Everything in the listing except the pictures should be written out exactly.

DATA EXTRACT –
━━━━━━━━

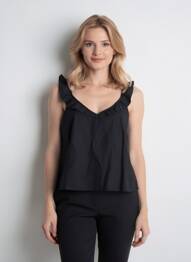 Blouse col v sans manche noir VERO MODA femme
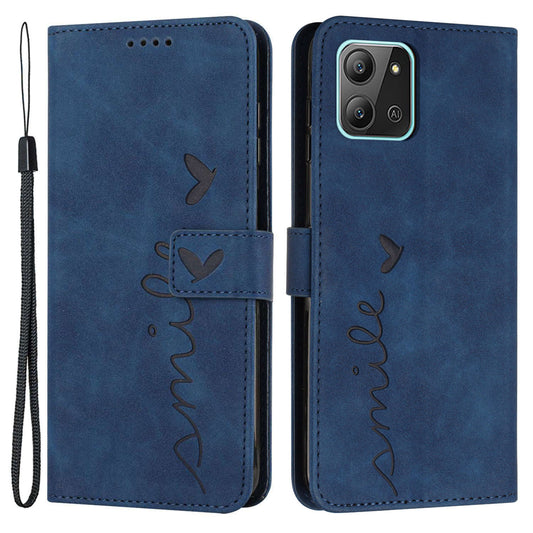 For Infinix Hot 11 2022 4G Anti-fall Protective Phone Flip Wallet Case Stand Imprinted Heart Shape Magnetic Skin-touch PU Leather Phone Cover with Strap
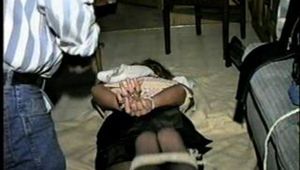 MOTOR HOME LEATHER SKIRT, HOG-TIED, CLEAVE GAGGED HOSTAGE (D23-1)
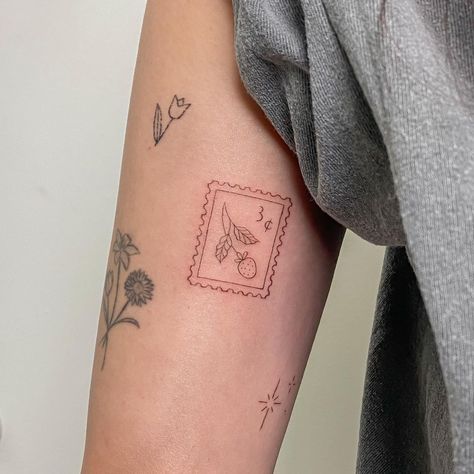 𝚟 𝚊 𝚕 on Instagram: “strawberry post stamp 🍓 thanks carmen !” Strawberry Tattoo, Dainty Tattoos, Aesthetic Tattoo, Dream Tattoos, Post Stamp, Little Tattoos, Simplistic Tattoos, Line Tattoos, Piercing Tattoo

━━━━━━━━

EXERCISE OUTPUT –
 Blouse col v sans manche noir VERO MODA femme
 For Infinix Hot 11 2022 4G Anti-fall Protective Phone Flip Wallet Case Stand Imprinted Heart Shape Magnetic Skin-touch PU Leather Phone Cover with Strap
 MOTOR HOME LEATHER SKIRT, HOG-TIED, CLEAVE GAGGED HOSTAGE (D23-1)
 𝚟 𝚊 𝚕 on Instagram: “strawberry post stamp 🍓 thanks carmen !” Strawberry Tattoo, Dainty Tattoos, Aesthetic Tattoo, Dream Tattoos, Post Stamp, Little Tattoos, Simplistic Tattoos, Line Tattoos, Piercing Tattoo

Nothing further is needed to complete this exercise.